Nevertheless, the best part is that we're out there, doing good work that our customers appreciate and building a company and relations by our own. A lot is being learnt, but as long as one avoids making the same mistake twice, it's all part of the process.

Reminiscing...

I suggested the name of the company as I used the same name for a small PC demo a friend and I did together for DreamHack 1997 (this was back in high-school). This, kids, was when all we had to play with was a framebuffer and a weak CPU. No libraries, APIs or GPUs or whatnots. It was all our own code, except for the music-player, the VGA-mode setter, and a bit of interpolation code we got from his big brother.

You can still download and run it in a DOS emulator if you want to. It's not that good, honestly, but as we came in 3rd place out of 7-ish entries,  I suppose a tiny bit of pride is in order. This was back when there was about 400 attendees with their own computers, as opposed to 9500 last year (2015).

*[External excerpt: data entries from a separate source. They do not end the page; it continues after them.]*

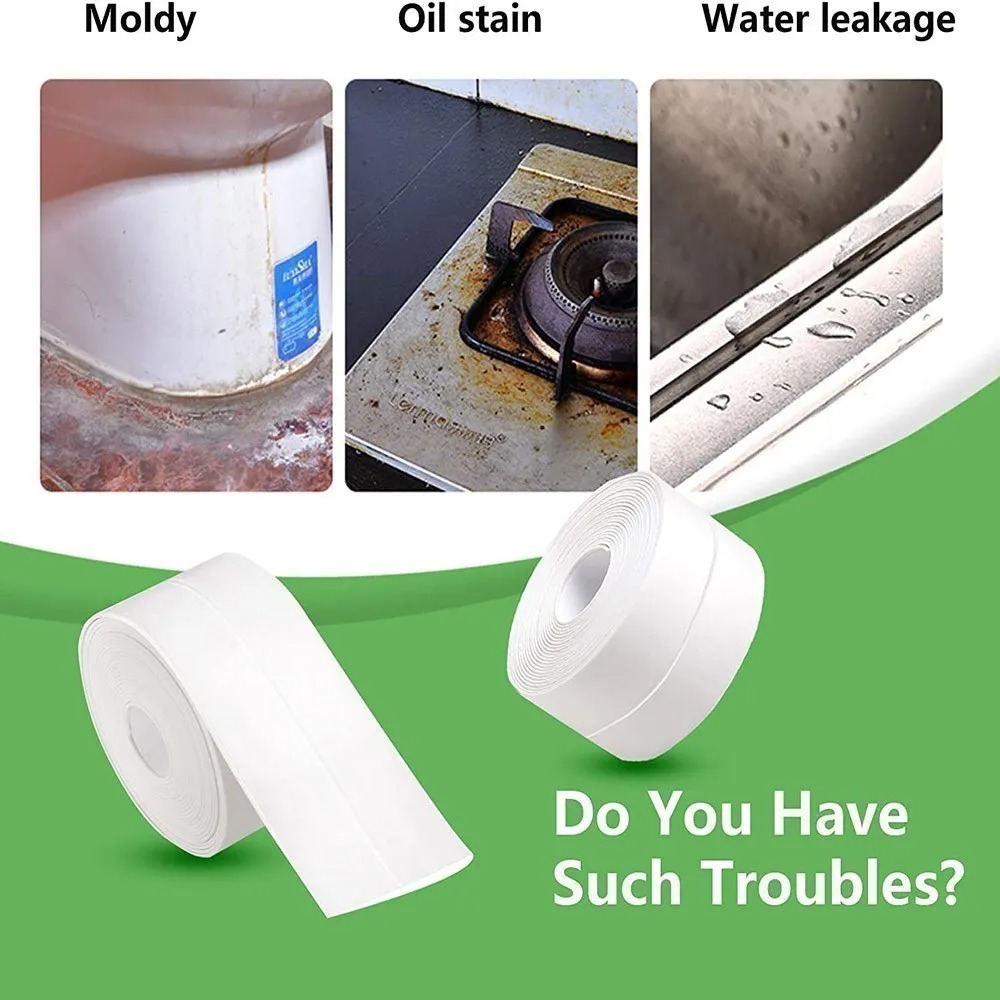 Dichtungsband für Badezimmer, Dusche, Waschbecken, Badewanne, PVC, selbstklebende Dichtungsstreifen, wasserdichte Wandaufkleber für Badezimmer, Küche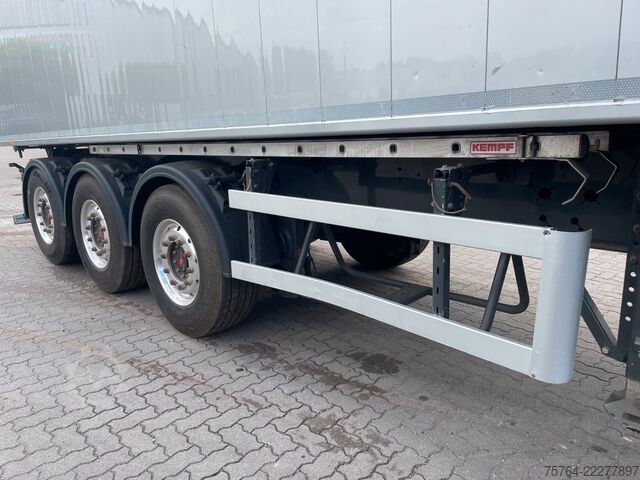 مقطورة نصف قلابة KEMPF ca. 55m³ Kippauflieger / Kombitür / Alufelgen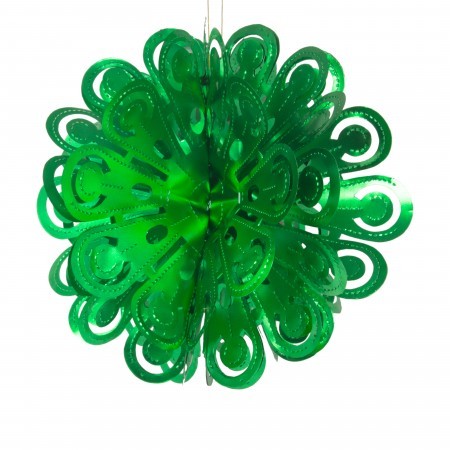 medium ball decoration - green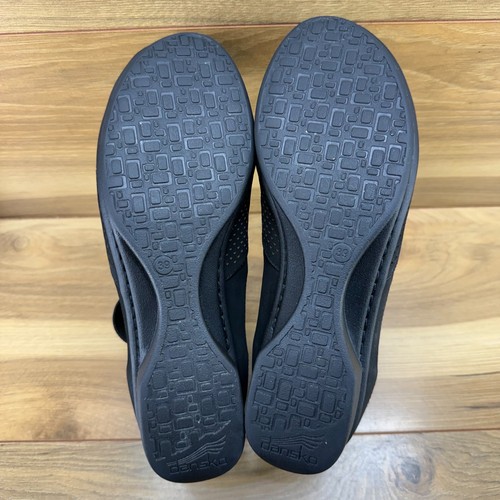 Dansko Laura Perf Wedge Comfort Pumps Womens 9 EU 39 Black Nubuck Back Zip - Afbeelding 9 van 11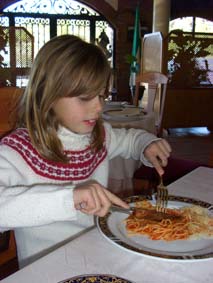 Spagetti �r aldrig fel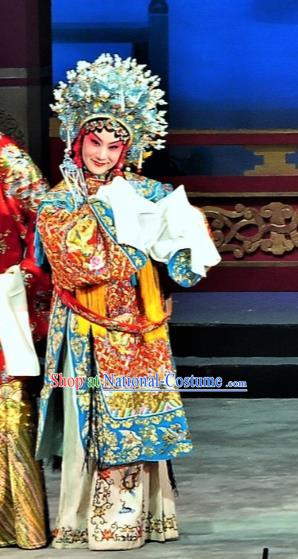 Chinese Kun Opera The Palace of Eternal Youth Consort Yang Costumes and Headdress Peking Opera Hua Tan Dress Apparels Garment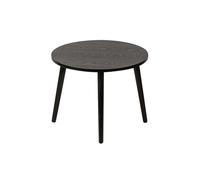 Table basse ronde KANOPE en bois - ? 50 cm - Noir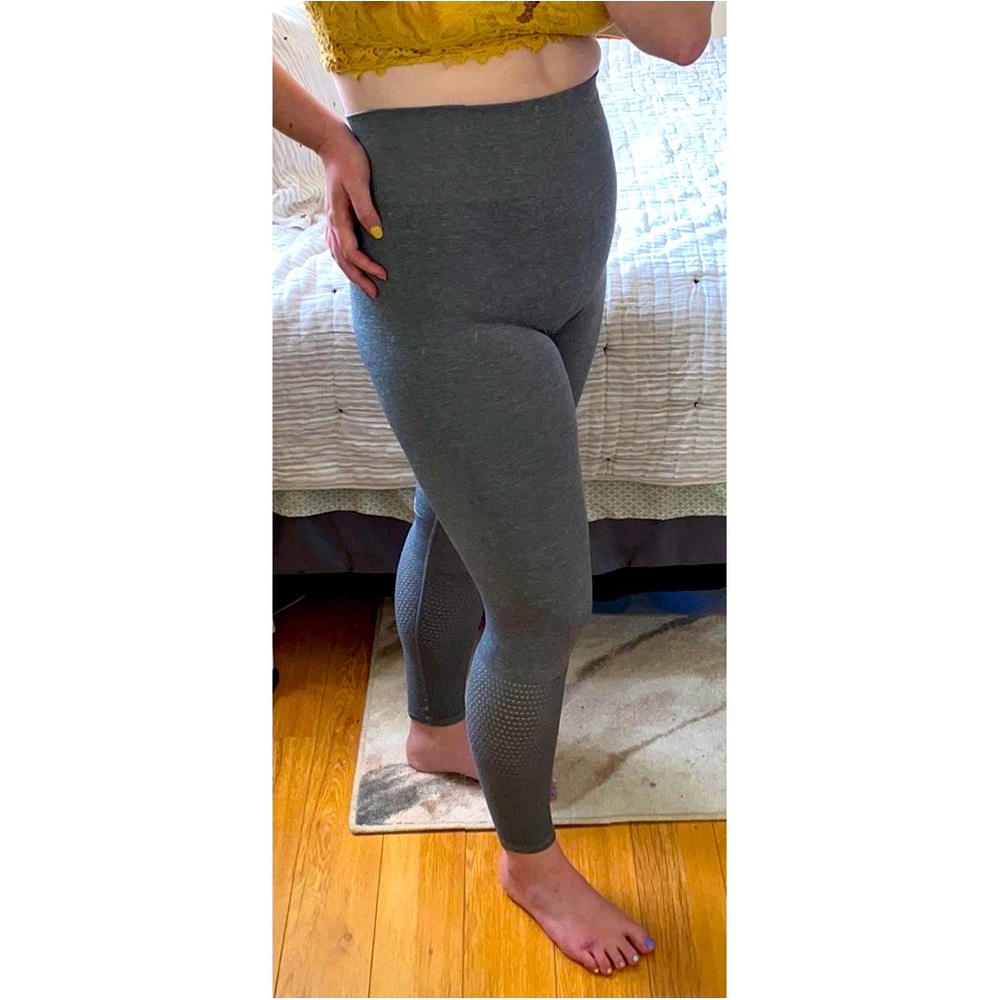 Fabletics Grey Leggings With Micro Cutouts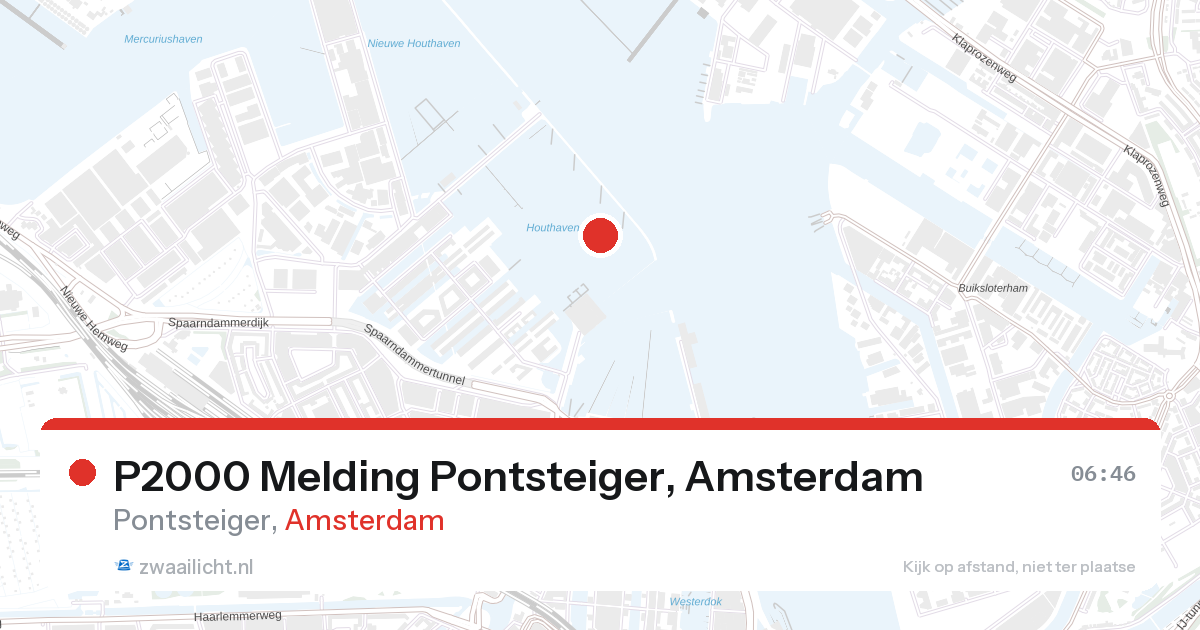 P2000 Melding Pontsteiger, Amsterdam — 7 feb 2026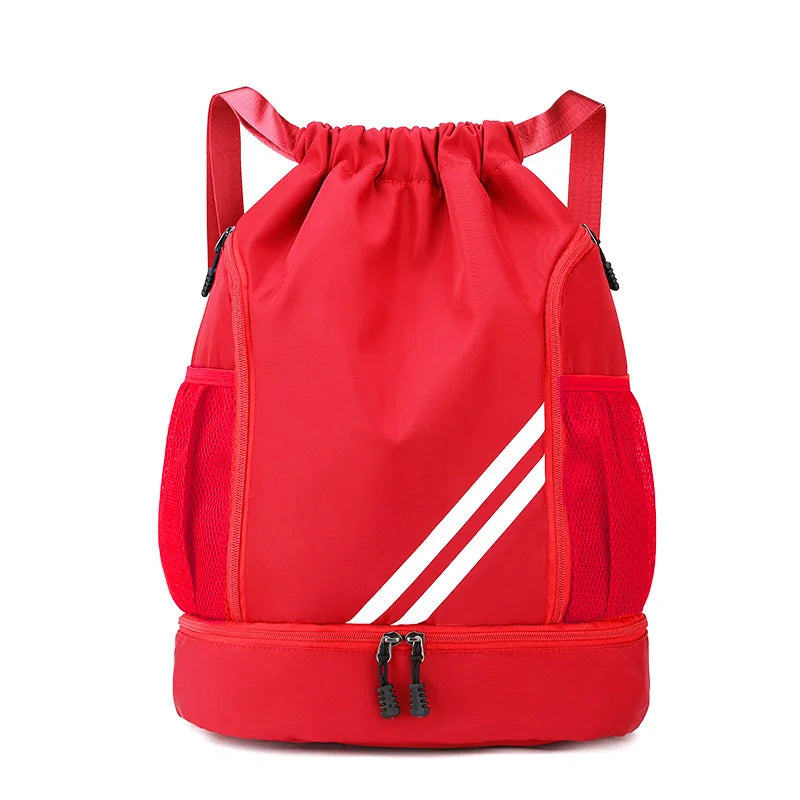 Fitness & Sports Backpack | Gym Bag for Women & Men, Basketball, Soccer, Football Storage with Drawstring Training Knapsack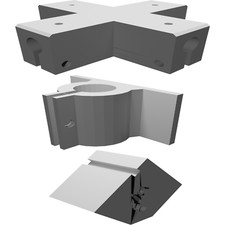 Quadcopter Frame Compatible with Xolé Broken Arrow Design for Extreme Acrobatics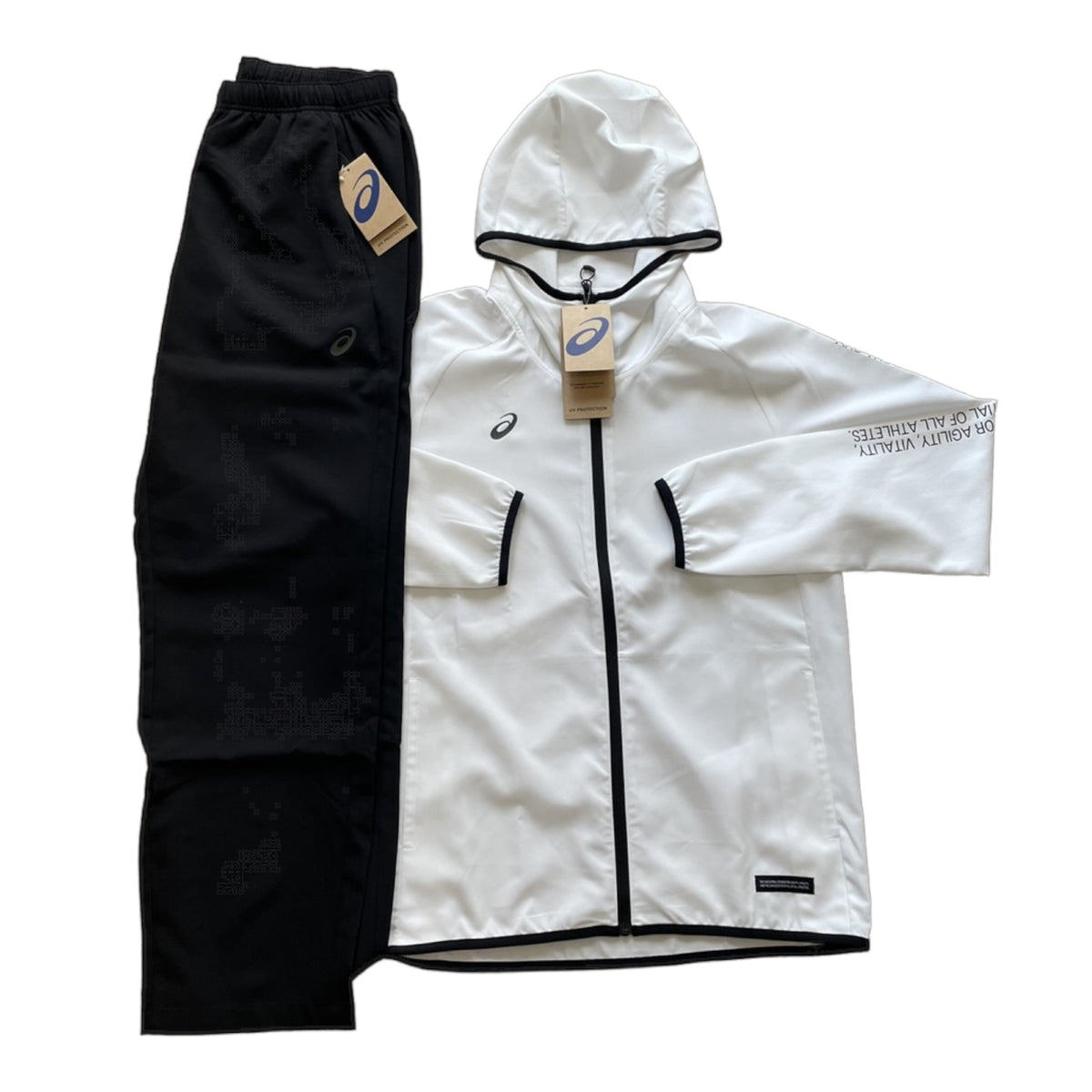 Asics White Agility Tracksuit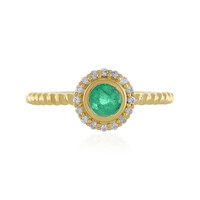 Bague en argent et Emeraude de Colombie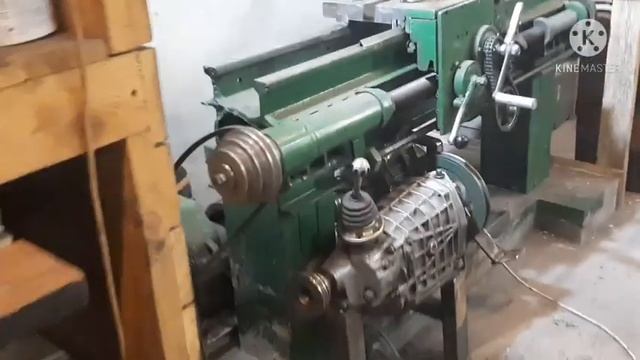 Самодельный токарный станок по металлу, КПП классика.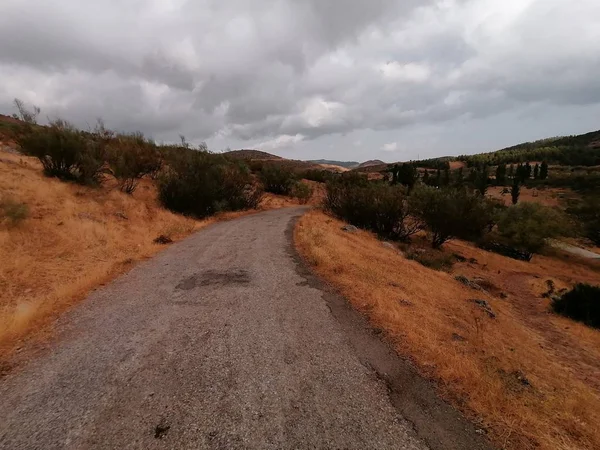 Krajobraz Torcal Antequera Malaga Andalucia Hiszpania Jest Unikalne Naturalne Miejsce — Zdjęcie stockowe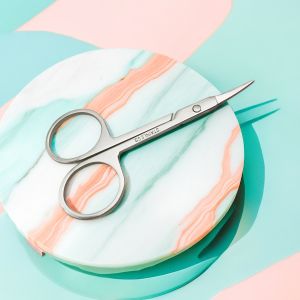EasyNail 1pcs set Mirror surface Straight Curve Head Professional Cuticle Manicure Pedicure Nails Scissors eyebrow Nose Hair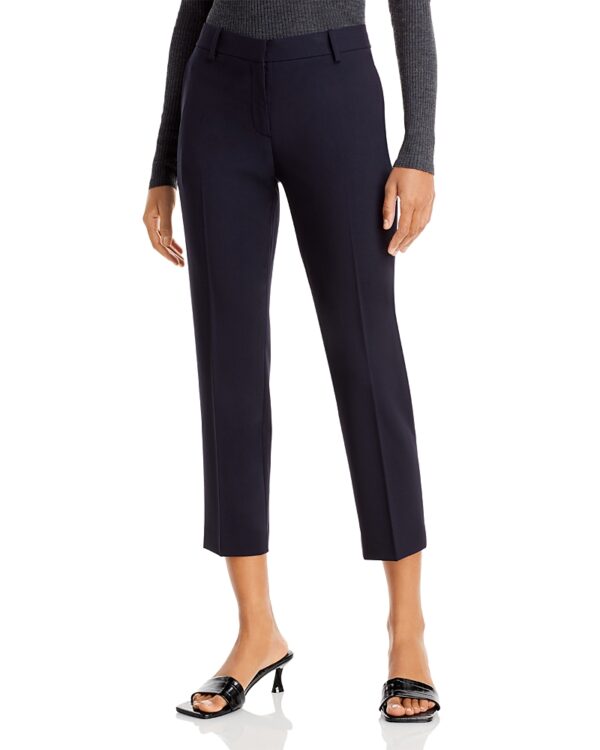 Theory Treeca Wool-Blend Cropped Pants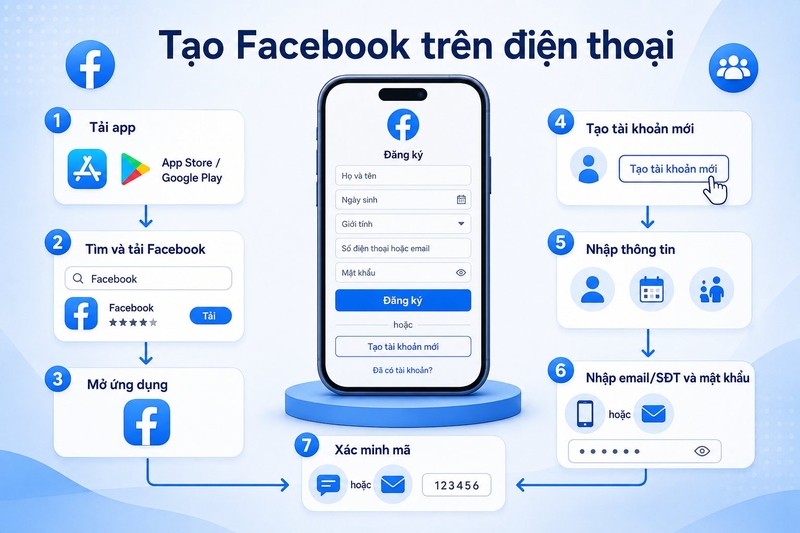 tạo tài khoản Facebook ảnh 3
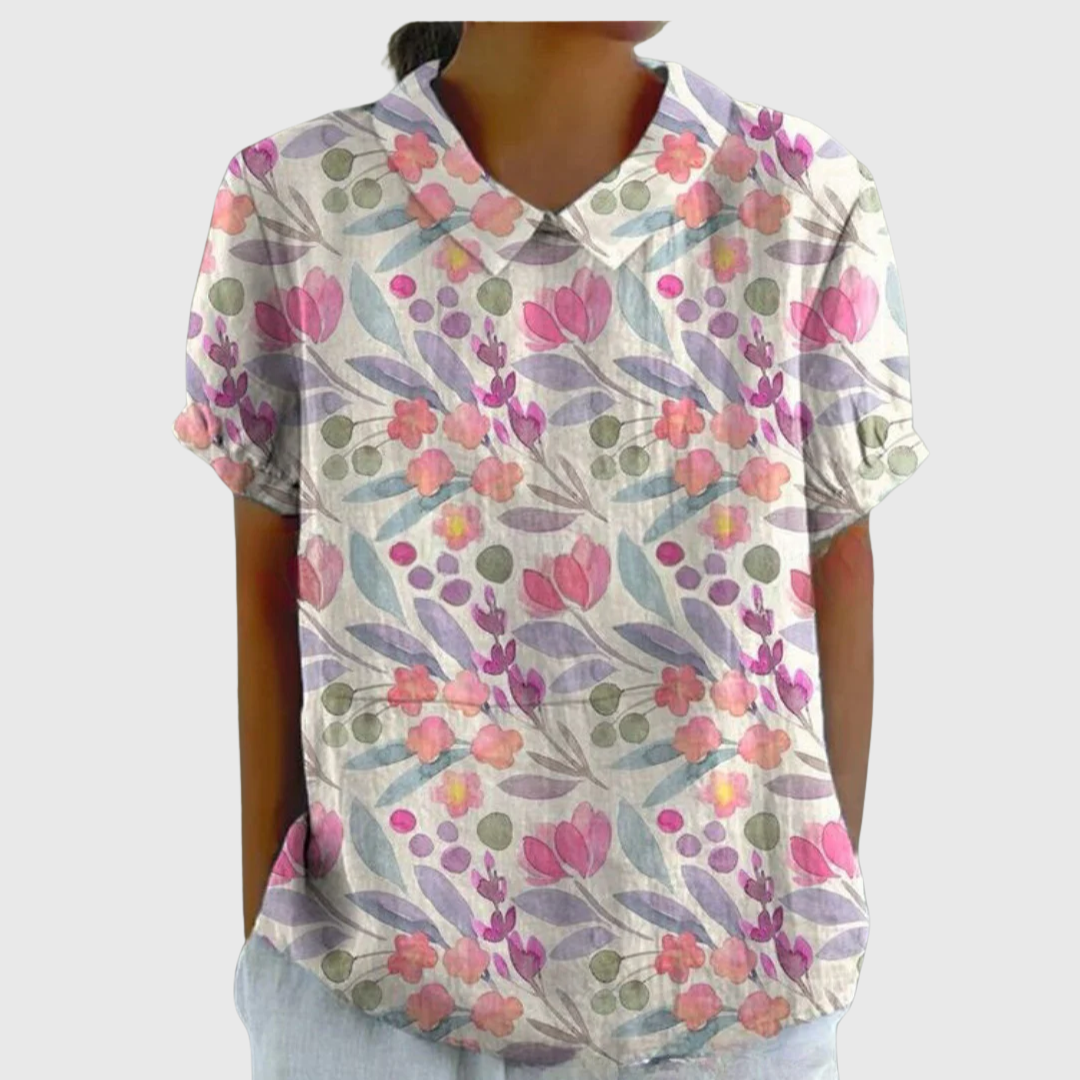 Emma | Blusa Floral para o Dia a Dia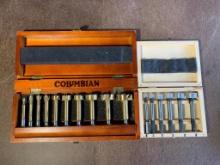 Forstner Woodworking Drill Bit Set and Columbian Forstner Drill Bit Set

It's a different world today, since the competition is more about creativity than technology, but looking at 4K or 64K demos never fails to impress.

I actually got a huge flashback to the demo scene days by playing TIS-100 over the holiday (christmas gift from a friend, thanks Nix!). The fun part if the game is sitting and optimizing a program until it is as small, fast or efficient as it can be. The downer is that I can't fool my brain into thinking it's a game all the time, thus it feels a bit close to work at times. Still, good fun and recommended to anyone who've done a bit of assembler hacking in their youth.


My next post will be about ... Home Automation!  .. Starring a raspberry pi... Stay tuned.

TTFN.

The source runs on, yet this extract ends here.